Representing Data

Binary

Beep bop boop I am a computer! Learn how the 1s and 0s work here!

https://learn.sparkfun.com/tutorials/binary

Hexadecimal

Alright, so now you've gotten a taste of binary, let's talk about non-binary representation. 1s and 0s really are hard to read, so luckily we have something a bit more 68756d616e207265616461626c65... sorry, human readable. Hexadecimal, base 16, hex, whatever you want to call it, will become a language that you see constantly during your technical journey. Being comfortable working with hex is one of the skills that will help you stand out.

From the same site as the binary tutorial (gee, sure hope you liked it) we have an introduction to hexadecimal. https://learn.sparkfun.com/tutorials/hexadecimal

Now, back to the terminal.

$ echo "Hello!" > file4 
$ xxd file4

xxd is able to convert a file into its hexadecimal representation. If you do not have it installed, install it with apt-get.

Download this image using wget or curl: https://github.com/hoppersroppers/hoppersroppers.github.io/raw/master/_layouts/compass.png

Open the file with xxd and check out what is in it. Shouldn't make much sense, but it should at least look cool.

File formats (and networking protocols, and all sorts of other things on the internet) are defined in documents known as RFCs. All files follow the rules for their file format.

Read through the .png format RFC and find where the file signature, aka the "magic number" is defined.

https://tools.ietf.org/html/rfc2083

Nobody has this content memorized, but when they deep dive into a format or protocol, the RFC has the answers. You'll spend plenty of time looking through RFCs, but not right now. It makes your brain hurt.

Any time you need to deal with a file format, google/wikipedia will provide most of the answers. If you need to dig deeper than that, go to the RFC.

Hex-editing

xxd is not really a hex-editor, it just displays hex. However, we can use it to convert files into hex, make edits to them with our favorite text editors, then convert the files back into the correct formats.

First, let's make a copy of the .png you downloaded using cp and name it "copyOfPng.png"

We can then use xxd to convert the file into a hexdump.

$ xxd copyOfPng.png > hexDumped

Now if we open hexDumped with our text editor of choice we can see that it is in a new format. Make an edit to the file and change the first four characters (the magic numbers) to be 0000. Save your changes and go back to the terminal.

Now we will use xxd to rebuild the file from hex.

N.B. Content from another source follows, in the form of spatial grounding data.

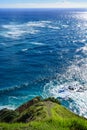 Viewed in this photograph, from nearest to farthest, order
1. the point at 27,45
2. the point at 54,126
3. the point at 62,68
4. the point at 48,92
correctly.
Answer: the point at 54,126 < the point at 48,92 < the point at 62,68 < the point at 27,45

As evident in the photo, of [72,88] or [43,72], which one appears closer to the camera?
[72,88]

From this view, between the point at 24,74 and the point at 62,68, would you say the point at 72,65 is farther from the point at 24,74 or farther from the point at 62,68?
the point at 24,74

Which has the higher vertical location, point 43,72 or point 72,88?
point 43,72

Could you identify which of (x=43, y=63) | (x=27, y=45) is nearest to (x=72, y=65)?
(x=43, y=63)

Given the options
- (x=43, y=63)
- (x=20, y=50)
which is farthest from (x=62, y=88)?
(x=20, y=50)

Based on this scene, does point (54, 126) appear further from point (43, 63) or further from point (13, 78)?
point (43, 63)

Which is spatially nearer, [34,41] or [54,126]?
[54,126]

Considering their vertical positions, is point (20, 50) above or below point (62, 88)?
above

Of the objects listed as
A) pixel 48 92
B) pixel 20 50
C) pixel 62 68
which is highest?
pixel 20 50

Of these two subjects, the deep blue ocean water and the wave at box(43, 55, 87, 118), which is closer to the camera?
the wave at box(43, 55, 87, 118)

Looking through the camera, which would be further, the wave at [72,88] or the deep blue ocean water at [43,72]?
the deep blue ocean water at [43,72]

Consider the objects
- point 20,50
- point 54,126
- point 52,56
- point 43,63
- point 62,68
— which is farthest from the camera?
point 20,50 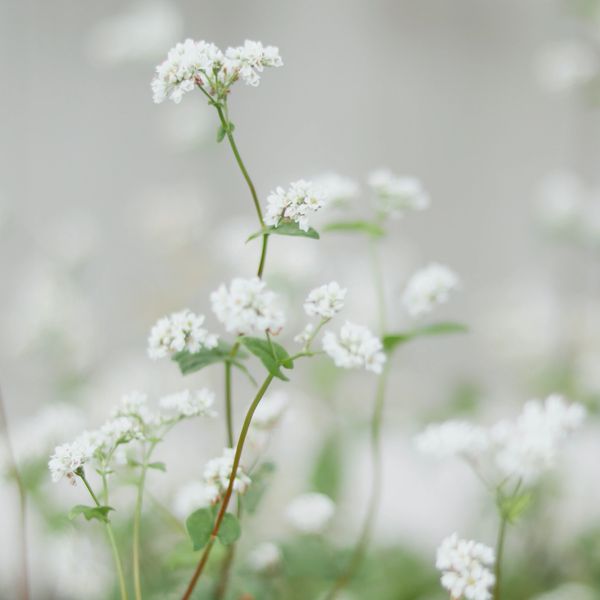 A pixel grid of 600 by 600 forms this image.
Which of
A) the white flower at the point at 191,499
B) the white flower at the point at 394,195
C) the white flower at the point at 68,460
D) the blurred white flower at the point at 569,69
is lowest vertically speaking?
the white flower at the point at 68,460

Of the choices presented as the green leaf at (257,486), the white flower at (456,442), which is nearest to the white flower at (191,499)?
the green leaf at (257,486)

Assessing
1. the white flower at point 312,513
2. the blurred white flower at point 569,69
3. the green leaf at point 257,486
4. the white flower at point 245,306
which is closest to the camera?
the white flower at point 245,306

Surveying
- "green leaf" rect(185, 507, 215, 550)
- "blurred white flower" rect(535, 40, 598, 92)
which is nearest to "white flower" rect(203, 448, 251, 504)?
"green leaf" rect(185, 507, 215, 550)

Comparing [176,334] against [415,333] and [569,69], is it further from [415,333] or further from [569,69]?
[569,69]

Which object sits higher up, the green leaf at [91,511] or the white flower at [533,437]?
the white flower at [533,437]

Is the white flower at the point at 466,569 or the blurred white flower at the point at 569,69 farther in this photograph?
the blurred white flower at the point at 569,69

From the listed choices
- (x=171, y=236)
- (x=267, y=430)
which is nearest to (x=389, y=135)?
(x=171, y=236)

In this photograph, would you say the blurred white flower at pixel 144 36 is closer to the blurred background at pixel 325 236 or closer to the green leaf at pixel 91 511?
the blurred background at pixel 325 236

$ xxd -r hexDumped > modified.png

Try to open modified.png. It shouldn't be opening now because we mangled (that's a technical term for corrupted) the file header!

diff

One useful tool to find the difference between files is to use diff. diff takes two pieces of text and compares them, looking for differences. With text files usage is as simple as $ diff file1.txt file2.txt and the results will display.

It is slightly more complicated with binary files or other dense formats like images. To see what the difference between the original image and the new mangled file we were playing with before:

$ diff -y <(xxd copyOfPng.png) <(xxd modified.png)  

Little bit of fancy footwork going on with redirectors here!!!! We are converting the images to hex with xxd, then redirecting them, then using them as arguments for the diff command.

This will display the differences between the two files. diff is great, you will use it all the time. There are GUI versions of diff, but I also really like using online ones in browsers. Saves some time when you need it, and usually very good. I recommend https://www.diffchecker.com/.

To fix this mangled file header, we will use a hex-editor. Hex-editors do a similar thing to xxd, but also give us the ability to edit in a nice GUI. The one we will use is bless. It is not particularly fancy but it gets the job done. To install:

$ sudo apt-get install bless

To open up the mangled file, run $ bless modified.png. Now, using the RFC, correct the mangled bits on the front so that you are able to open the image again.

Base64

Base64 is another encoding scheme that uses, you guessed it, 64 characters to represent data in an ASCII text format. Base64 is commonly used to encode binaries that would not be able to be sent via methods that only use ASCII, such as in HTML, in URLs, or in some email formats.

Base64 is visually distinctive because of its use of "=" at the end of a string of letters and numbers. Most of the time when you see that form, it will be Base64, simply based off of how common Base64 is. Don't worry too much about why there is an "=" sign, it is for padding to make translation easier.

To manipulate Base64 in the terminal, we use the command base64.

$ echo "Hello World" | base64 
$ echo "Hello World" > 64dText
$ base64 --decode 64dText
$ base64 --decode SGVsbG8gV29ybGQ=

It isn't often that you have to do this from the command line, but it happens occasionally.

For this assignment, I am going to have you convert between encodings by hand. This is meant to ensure you understand what is going on. Don't cheat, and don't move on until you get it, this is very important you understand.

Assignment:

  1. How many bits are used for each character in ASCII?
  2. "01101000 01100101 01101100 01101100 01101111 00100001" is in binary. Convert it back to ASCII. Do it by hand using the chart.
  3. Alright. Now. Convert 17 in Ascii to Binary and Hex. Do it by hand.
  4. Convert "Go Navy" to Octal, Hex, and Binary. Yes. By hand. Use Google to figure out how. This is supposed to not be fun.
  5. What does "c2l4dHlmb3Vy" translate to from Base64?

It is annoying to do that by hand, but it does help in the long run. ... but here is a tool so that you never have to do that again as my apology for making you do it. https://gchq.github.io/CyberChef/.

Fun fact, it is released by GCHQ, Britain's version of the NSA. Great tool and very useful for converting encodings/encryption, but there is so much more. There are about a thousand uses for this thing and many security professionals use it all the time. I love it for CTFs.